I have a cluster with 4 nodes (3 raspi, 1 NUC) and have setup several different workloads. The cluster itself worked perfectly fine, so I doubt that it is a general problem with the configuration. After a reboot of all nodes the cluster came back up well and all pods are running without issues. Unfortunately, pods that are running on one of my nodes (NUC) are not reachable via ingress anymore. If I access them through kube-proxy, I can see that the pods itself run fine and the http services behave as exptected. I upgraded the NUC node from Ubuntu 20.10 from 21.04, which may be related to the issues, but is not confirmed.
When the same pods are scheduled to the other nodes everything works as expected. For pods on the NUC node, I see the following in the ingress-controller logs:
2021/08/09 09:17:28 [error] 1497#1497: *1027899 upstream timed out (110: Operation timed out) while connecting to upstream, client: 10.244.1.1, server: gitea.fritz.box, request: "GET / HTTP/2.0", upstream: "http://10.244.3.50:3000/", host: "gitea.fritz.box"
I can only assume that the problem is related to the cluster internal network and have compared iptables rules and the like, but have not found differences that seem relevant.
The NUC node is running on Ubuntu 21.04 with kube v1.21.1, the raspis run Ubuntu 20.04.2 LTS. The master node still runs v1.21.1, the two worker nodes already run v.1.22.0, which works fine.
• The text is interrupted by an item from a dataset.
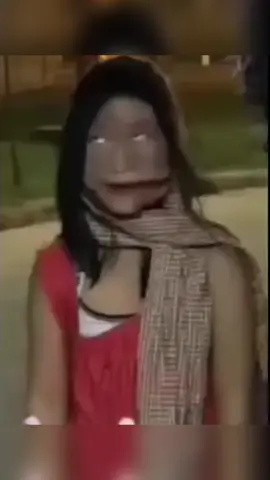 Ella NO es una Mujer, es un Skinwalker 💀 #parati #fyp #miedo #terror #misterio #xyzcba #viral_video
I have found a thread that points out incompatibility between metallb and nftables (Update documentation for Debian Buster gotchas · Issue #451 · metallb/metallb · GitHub) and though it’s a bit older, I already changed to xtables as suggested (update-alternatives --set iptables /usr/sbin/iptables-legacy …) without success.
Currently I’m running out of ideas on where to look. Can anyone suggest possible issues?
Thanks in advance!
P.S.:
I posted this question on stackoverflow as well, but afterwards thought it probably fits better to ask here.